Python Unicode Bug

Question 1

I'm making a virtual machine in RPython using PyPy. The problem is, when I tried to add unicode support I found an unusual problem. I'll use the letter "á" in my examples.

# The char in the example is á
print len(char)
OUTPUT:
2

I understand how the letter "á" takes two bytes, hence the length of 2. But the problem is when I use this example below I am faced with the problem.

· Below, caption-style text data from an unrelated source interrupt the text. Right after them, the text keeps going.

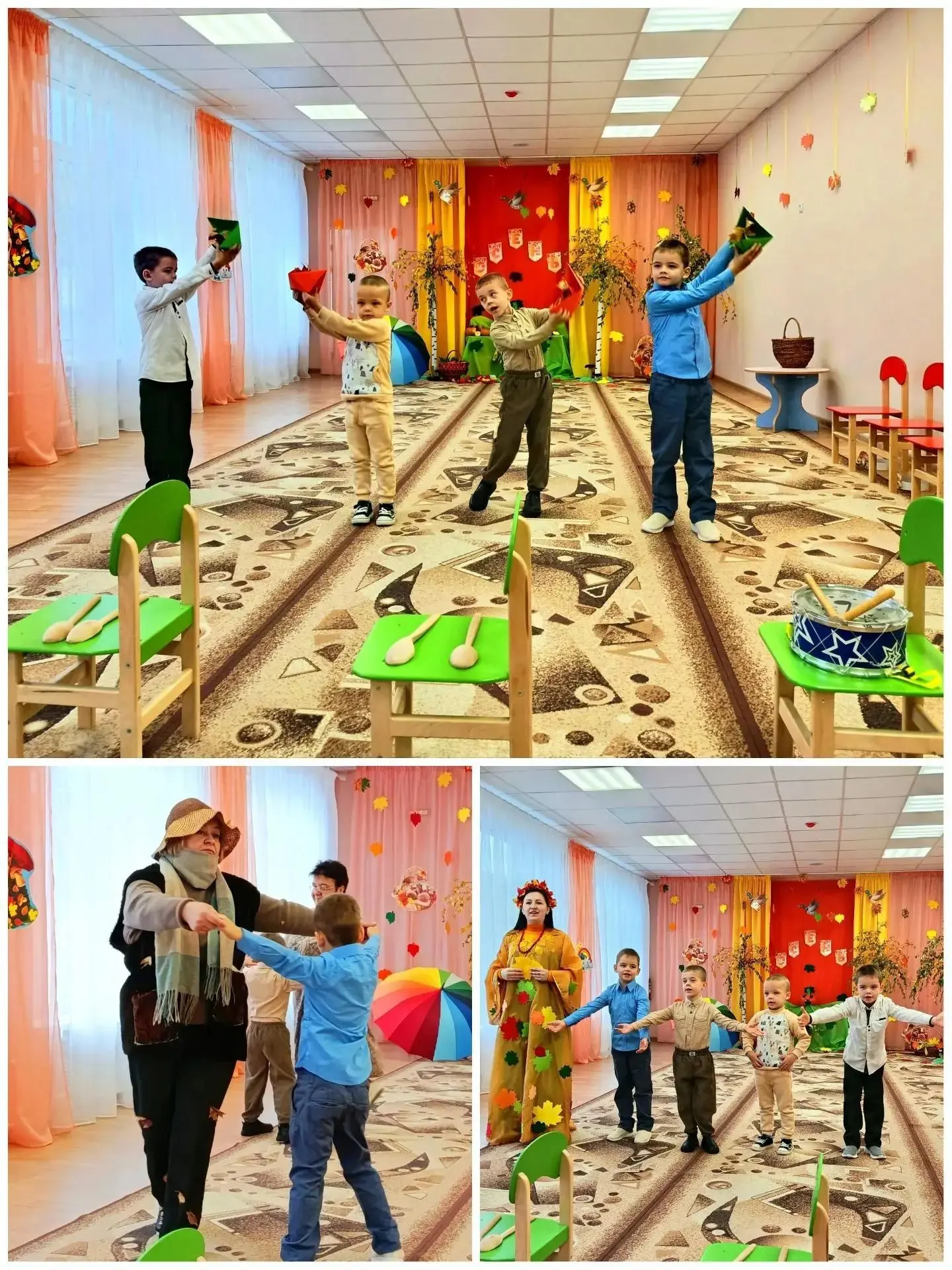 ГБДОУ ЛНР"Рубежанский ясли-сад "Красная шапочка"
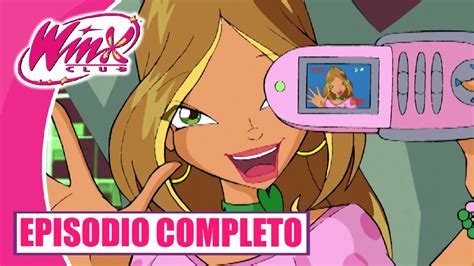 Winx Club Castellano Temporada Episodio El Secreto De La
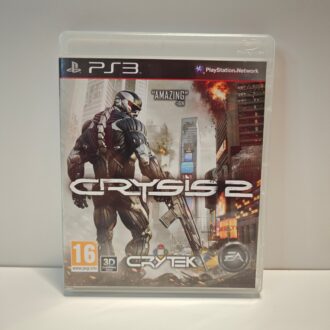 Crysis 2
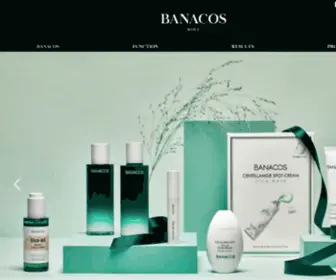 Banacos.com(더마) Screenshot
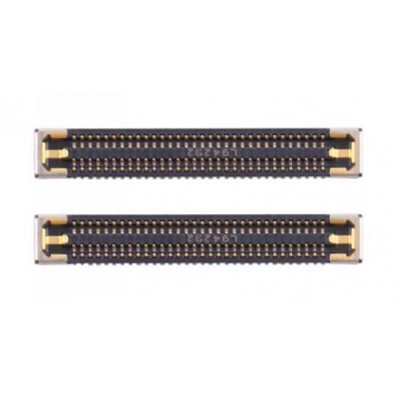 Lcd Connector For Samsung Galaxy A20 By - Maxbhi Com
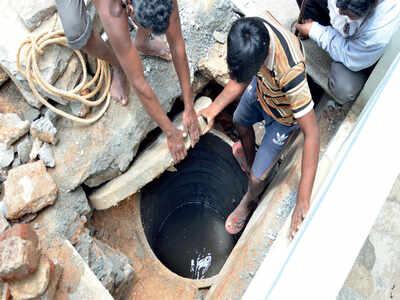 Malleshwaram is all charged up for the rains this year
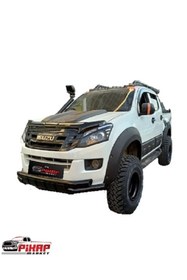 Resim Pikap Market Isızu D-max Uyumlu Kupa Takozu 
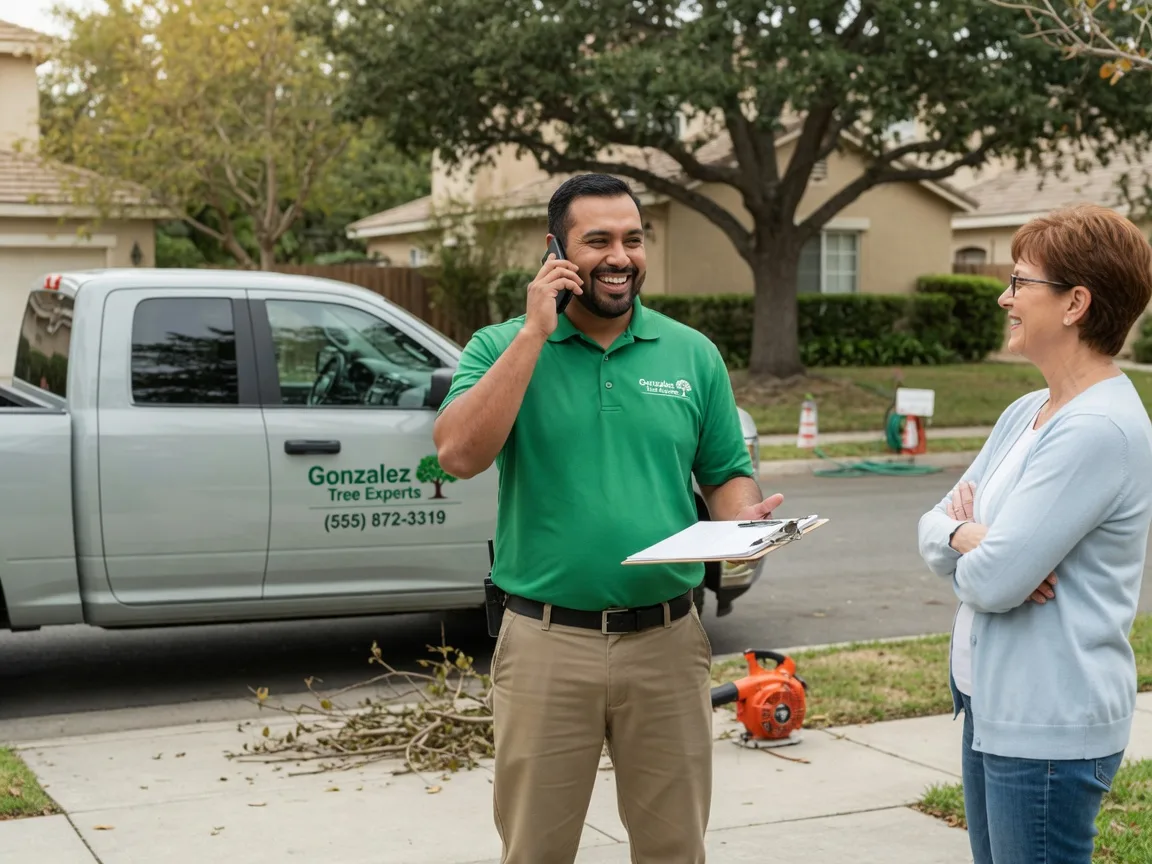 Tree Service Round Mountain, TX FAQs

# In this example instr = "á" (including the quotes)
for char in instr:
 print hex(int(ord(char)))
OUTPUT:
0x22
0xc3
0xa1
0x22

As you can there are 4 numbers. For 0x22 are for the quotes, but there is only 1 letter in between the quotes but there are two numbers. My question is, some machines I tested this script on produced this output:

OUTPUT:
0x22
0xe1
0x22

Is there anyway to make the output the same on both machines? The script is exactly the same on each.

Question 2

unrelated: to convert a bytestring into a hex string: print(binascii.hexlify(instr))

Question 3

Your code in the question is for Python 2 (judging by the print statement and the content of '"á"')

Question 4

The program is not being given the same input on the two machines:

In [154]: '\xe1'.decode('cp1252').encode('utf_8') == '\xc3\xa1'
Out[154]: True

When you type á in a console, you may see the glyph á, but the console is translating that into bytes. The particular bytes it translates that into depends on the encoding used by the console. On a Windows machine, that may be cp1252, while on a Unix machine it is likely to be utf-8.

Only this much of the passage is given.